The area S is specifically preferably less than 637500Mm ^2, more preferably at 500000Mm ² or less, still more preferably at 400000Mm ² or less, and particularly preferably 360000Mm ² or less. Even with such an area S, the robot 1 can be prevented from interfering with the cell 5 when the tip of the second arm 13 is moved to a position different by 180 ° around the second rotation axis. Therefore, the size of the cell 5 can be reduced, and the installation space for installing the robot system 100 can be reduced. Therefore, for example, when a production line is configured by arranging a plurality of robot cells 50, it is possible to suppress an increase in the length of the production line.

In particular, the area S of 400000 mm ² or less is substantially equal to or less than or equal to the size of the work area in which humans work. For this reason, if the area S is 400000 mm ² or less, for example, the human and the robot cell 50 can be easily exchanged. Therefore, the production line is changed by exchanging the human and the robot cell 50. be able to. The area S is preferably 10000 mm ² or more. Thereby, the maintenance inside the robot cell 50 can be facilitated.

  Further, specifically, the width W is preferably less than 850 mm, more preferably less than 750 mm, and even more preferably 650 mm or less. Thereby, the effect similar to the effect mentioned above can fully be exhibited. The width W is the average width of the cells 5 (average width of the frame body portion 51). The width W is preferably 100 mm or more. Thereby, the maintenance inside the robot cell 50 can be facilitated.

  Further, since the robot 1 has the configuration as described above, the height (vertical length) L of the cell 5 can be made lower than the conventional height. Specifically, the height L can be, for example, 80% or less of the conventional height.

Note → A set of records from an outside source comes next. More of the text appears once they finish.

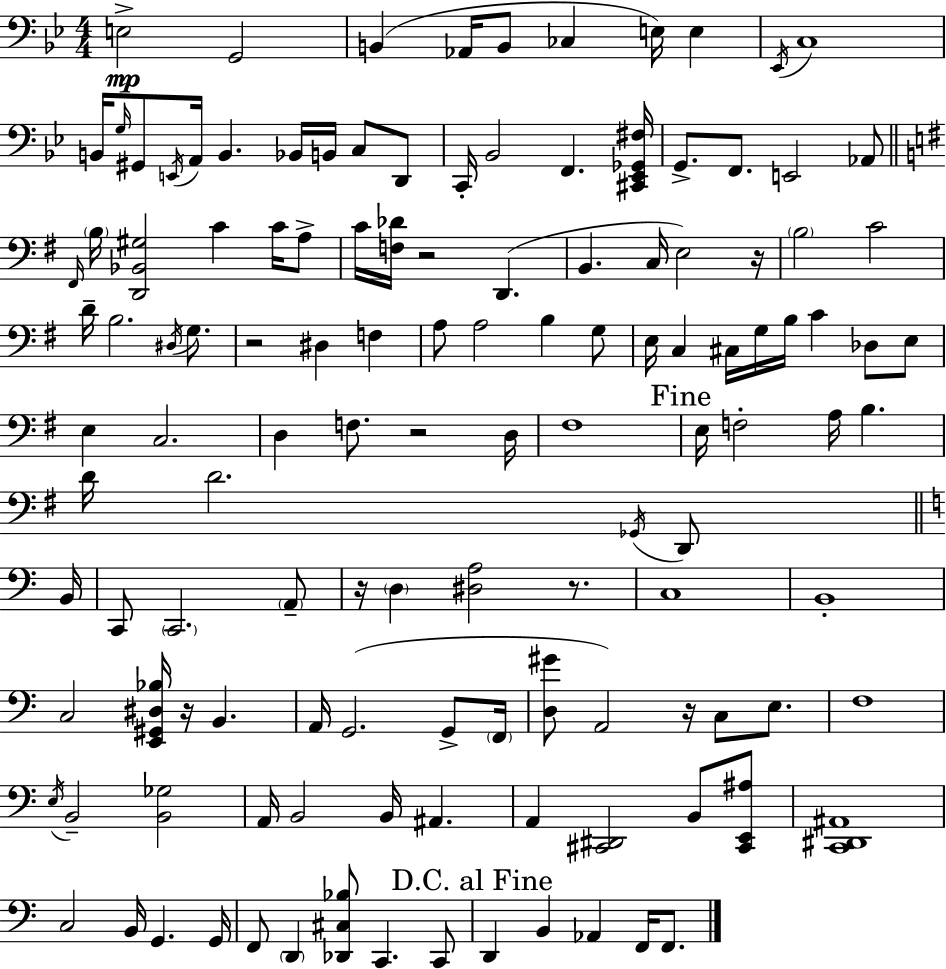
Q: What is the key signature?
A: BES major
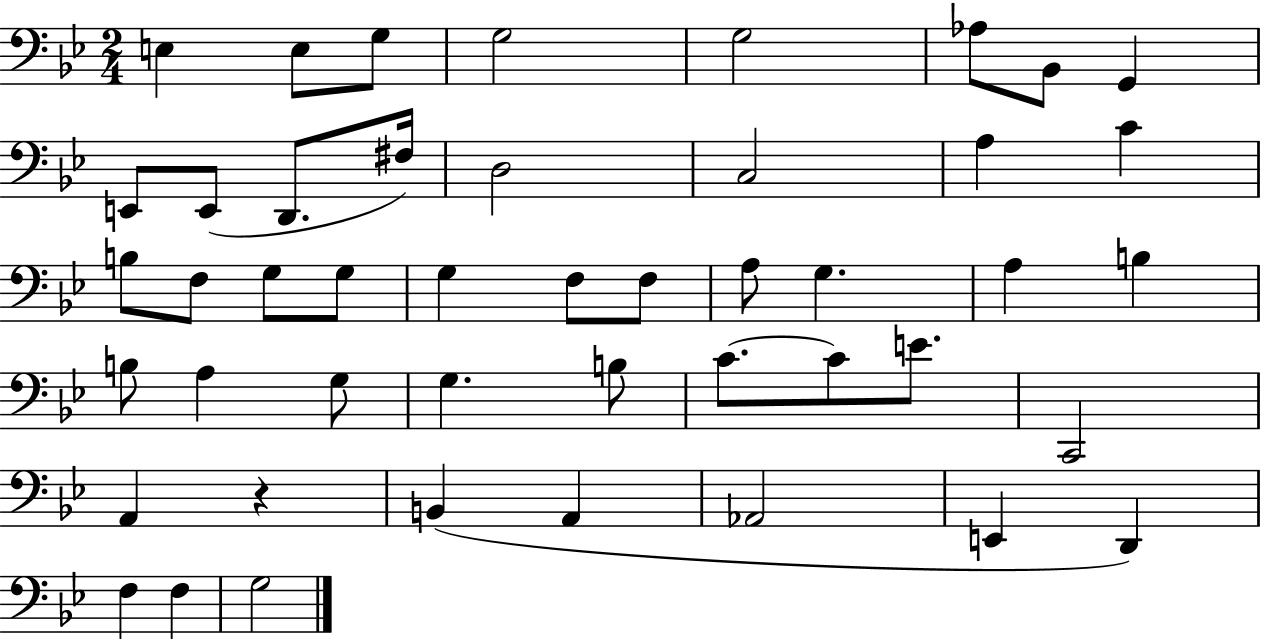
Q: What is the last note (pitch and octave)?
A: G3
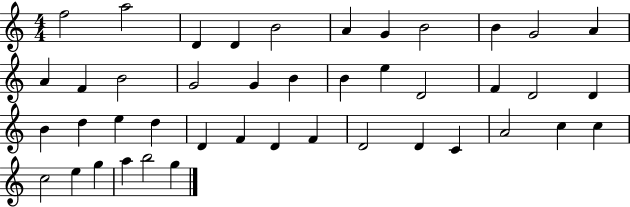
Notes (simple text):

F5/h A5/h D4/q D4/q B4/h A4/q G4/q B4/h B4/q G4/h A4/q A4/q F4/q B4/h G4/h G4/q B4/q B4/q E5/q D4/h F4/q D4/h D4/q B4/q D5/q E5/q D5/q D4/q F4/q D4/q F4/q D4/h D4/q C4/q A4/h C5/q C5/q C5/h E5/q G5/q A5/q B5/h G5/q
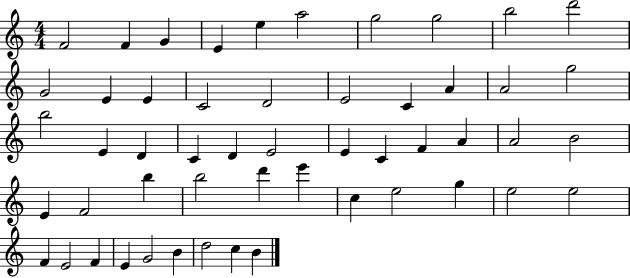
{
  \clef treble
  \numericTimeSignature
  \time 4/4
  \key c \major
  f'2 f'4 g'4 | e'4 e''4 a''2 | g''2 g''2 | b''2 d'''2 | \break g'2 e'4 e'4 | c'2 d'2 | e'2 c'4 a'4 | a'2 g''2 | \break b''2 e'4 d'4 | c'4 d'4 e'2 | e'4 c'4 f'4 a'4 | a'2 b'2 | \break e'4 f'2 b''4 | b''2 d'''4 e'''4 | c''4 e''2 g''4 | e''2 e''2 | \break f'4 e'2 f'4 | e'4 g'2 b'4 | d''2 c''4 b'4 | \bar "|."
}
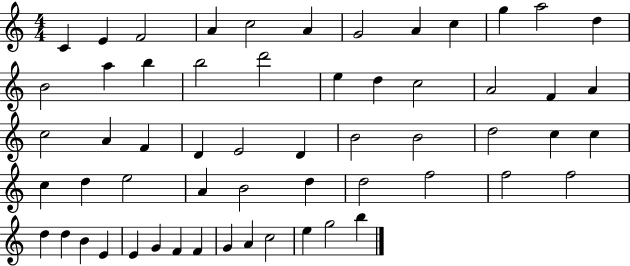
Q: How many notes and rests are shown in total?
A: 58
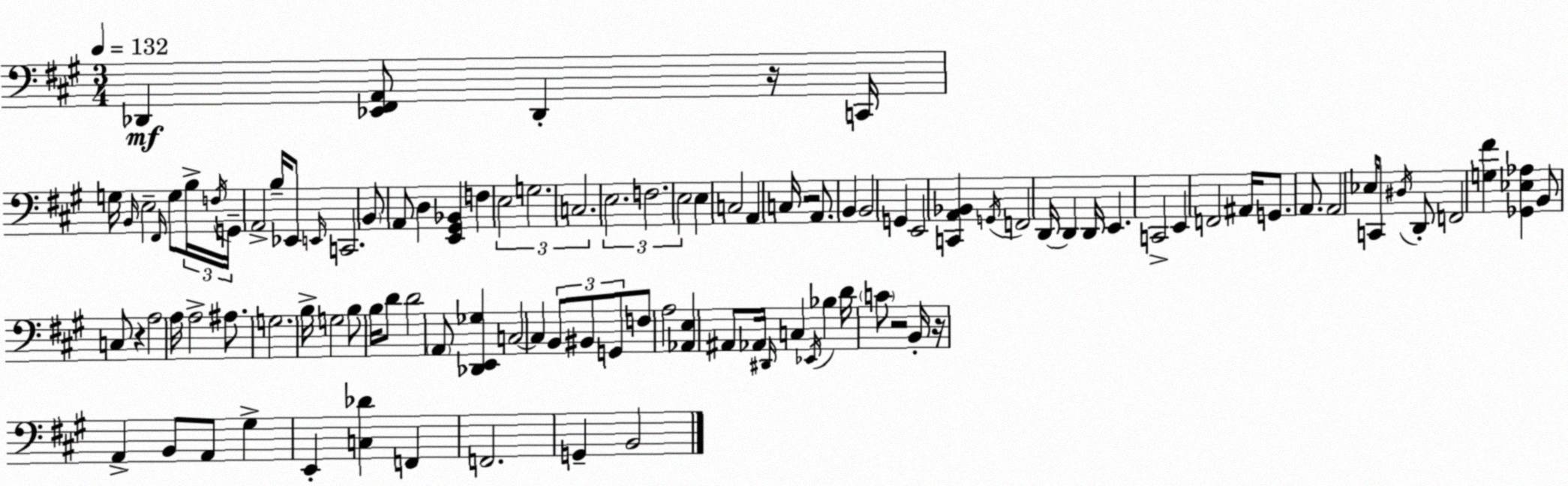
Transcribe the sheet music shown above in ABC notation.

X:1
T:Untitled
M:3/4
L:1/4
K:A
_D,, [_E,,^F,,A,,]/2 _D,, z/4 C,,/4 G,/4 B,,/4 E,2 ^F,,/4 G,/2 B,/4 F,/4 G,,/4 A,,2 B,/4 _E,,/2 E,,/4 C,,2 B,,/2 A,,/2 D, [E,,^G,,_B,,] F, E,2 G,2 C,2 E,2 F,2 E,2 E, C,2 A,, C,/4 z2 A,,/2 B,, B,,2 G,, E,,2 [C,,A,,_B,,] G,,/4 F,,2 D,,/4 D,, D,,/4 E,, C,,2 E,, F,,2 ^A,,/4 G,,/2 A,,/2 A,,2 _E,/4 C,,/2 ^D,/4 D,,/2 F,,2 [G,^F] [_G,,_E,_A,] B,,/2 C,/2 z A,2 A,/4 A,2 ^A,/2 G,2 B,/4 G,2 B,/2 B,/4 D/2 D2 A,,/2 [_D,,E,,_G,] C,2 C, B,,/2 ^B,,/2 G,,/2 F,/2 A,2 [_A,,E,] ^A,,/2 _A,,/4 ^D,,/4 C, _E,,/4 _B, D/4 C/2 z2 B,,/4 z/4 A,, B,,/2 A,,/2 ^G, E,, [C,_D] F,, F,,2 G,, B,,2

  Further, the height L is specifically preferably 1700 mm or less, and more preferably 1000 mm or more and 1650 mm or less. If it is less than or equal to the upper limit value, the influence of vibration when the robot 1 moves in the cell 5 can be further suppressed. In addition, said height L is the average height of the cell 5 containing the foot | leg part 54. FIG.

  As described above, in this robot system 100, the position of the center of gravity of the robot 1 is lower than when the robot 1 is installed on the ceiling surface of the cell, and the influence of vibration of the robot 1 can be reduced. That is, the vibration generated by the reaction force due to the operation of the robot 1 can be suppressed. Moreover, compared with the case where the robot 1 is installed on the floor of the cell, the robot 1 itself can be prevented from becoming an obstacle, and the workability of the robot 1 in the cell 5 can be improved.

  Further, the robot 1 does not rotate the first arm 12, but rotates the second arm 13, the third arm 14 and the like, so that the first arm 12 and the first arm 12 can be seen from the axial direction of the second rotation axis O2. After the state where the angle θ formed with the second arm 13 is 0 ° (the state where the first arm 12 and the second arm 13 overlap), the hand 91 (the tip of the robot arm 6) is moved to the first rotation axis O1. Since it can be moved to a position different by 180 ° around, the space for preventing the robot 1 from interfering can be reduced. Thereby, size reduction of the cell 5 can be achieved and the installation space for installing the robot system 100 can be reduced. For example, many robot systems 100 can be arranged per unit length along the production line, and the production line can be shortened.

  Further, when the hand 91 is moved, the movement of the robot 1 can be reduced. For example, the first arm 12 is not rotated, or the rotation angle of the first arm 12 can be reduced, whereby the tact time can be shortened and the working efficiency can be improved.

Second Embodiment
FIG. 12 is a perspective view showing a second embodiment of the robot system of the present invention. FIG. 13 is a diagram of the robot in the front view of the robot system shown in FIG.

  Hereinafter, although the second embodiment will be described, the description will focus on the differences from the first embodiment described above, and the description of the same matters will be omitted.

  As shown in FIGS. 12 and 13, in the robot system 100 of the second embodiment, an attachment portion 552 to which the base 11 of the robot 1 is attached is formed above the wall portion 55 of the cell 5 in the vertical direction. .

  The shape of the attachment portion 552 is not particularly limited, but in the present embodiment, it has a triangular prism shape. And the surface 553 which faces the diagonally downward in FIG. 12 and FIG. 13 of this attaching part 552 is a 1st surface inclined with respect to the horizontal surface, and the base 11 is attached to the surface 553. Thereby, the first rotation axis O1 of the robot 1 is inclined by a predetermined angle with respect to the vertical direction so that the distal end side thereof is positioned above the proximal end side in the vertical direction.

  As a result, the hand 91 (the tip of the robot arm 6) can be moved to a farther position as viewed from the vertical direction than when the axial direction of the first rotation axis O1 of the robot 1 is the vertical direction. it can.

  Further, the angle θ1 formed by the first rotation axis O1 and the straight line 63 extending in the vertical direction is 0 ° or more and less than 90 °, preferably 10 ° or more and 80 ° or less, preferably 20 ° or more, More preferably, it is 45 ° or less.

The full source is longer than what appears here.